Returns a new directory with one folder of page text files per volume

Inputs:

data_dir: path to folder holding the HathiTrust data to be cleaned/processed.

output_dir: path to new output folder that will hold the cleaned/processed data. Will return error if folder already exists.

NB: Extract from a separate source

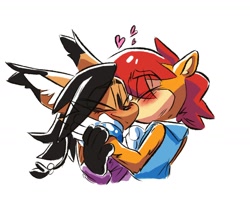 Size: 1988x1573 | Tagged: safe, artist:protosaru, nicole the hololynx, sally acorn, duo, hair over one eye, heart, holding hands, kiss, lesbian, nicole x sally, nicole's purple wraps, sally's vest and boots, shipping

delete_zips: default False, provide value True to delete original zipfiles after expansion, False to keep them.

Examples:

  • Find and move zips for HathiTrust dataset, deleting zips after expanded:
import ht_text_prep as htp

data_dir = '/Users/rdubnic2/Desktop/data_download'
output_dir = '/Users/rdubnic2/Desktop/data'

htp.get_zips(data_dir, output_dir, delete_zips=True)
  • Find and move zips for HathiTrust dataset, keeping original zips after expanded:
data_dir = '/Users/rdubnic2/Desktop/data_download'
output_dir = '/Users/rdubnic2/Desktop/data'

htp.get_zips(data_dir, output_dir, delete_zips=False)
  • Using paths rather than variables, find and move zips for HathiTrust dataset, keeping original zips after expanded:
htp.get_zips('/Users/rdubnic2/Desktop/data_download', '/Users/rdubnic2/Desktop/data', delete_zips=False)

Function: clean_txt_file_names(file_name: str):

Given an input path to a single directory holding page text files, this function will normalize irregular page text file names in HathiTrust data, converting all page text files names to an 8-digit sequence number in format '00000001.txt' in ascending numerical order based on original file names. For example:

`0000000001.txt` becomes `00000001.txt`

`ark+=13960=t3mw3px6k_00000001.txt` becomes `00000001.txt`

This function will also normalize jumps in page numbers greater than +1 between files sorted in ascending numerical order. For example, given this file list, names would be normalized to:

`00000009.txt`  becomes  `00000009.txt`

`00000010.txt`  becomes  `00000010.txt`

`00000015.txt`  becomes  `00000011.txt`

`00000016.txt`  becomes  `00000012.txt`

The function returns nothing explicitly, but yields normalized file names within the input directory.

Inputs:

file_name: path to text file with a filename to be normalized

Examples:

  • Normalize file names for one volume's text files in one directory:
import ht_text_prep as htp
test_directory = '/Users/username/Desktop/data_download/ark+=13960=t3mw3px6k'
htp.clean_txt_file_names(test_directory)
  • To normalize page file names for multiple volumes held in one top directory, use iteratively:
top_dir = ['/Users/rdubnic2/Desktop/data_download/ark+=13960=t3mw3px6k',
	'/Users/rdubnic2/Desktop/data_download/ark+=23200=t5mw3px1j',
	'/Users/rdubnic2/Desktop/data_download/ark+=53960=t4mp1qr7x']
				
for folder in top_dir:
	htp.clean_txt_file_names(folder)

Function: load_vol(path: str, num_pages: int)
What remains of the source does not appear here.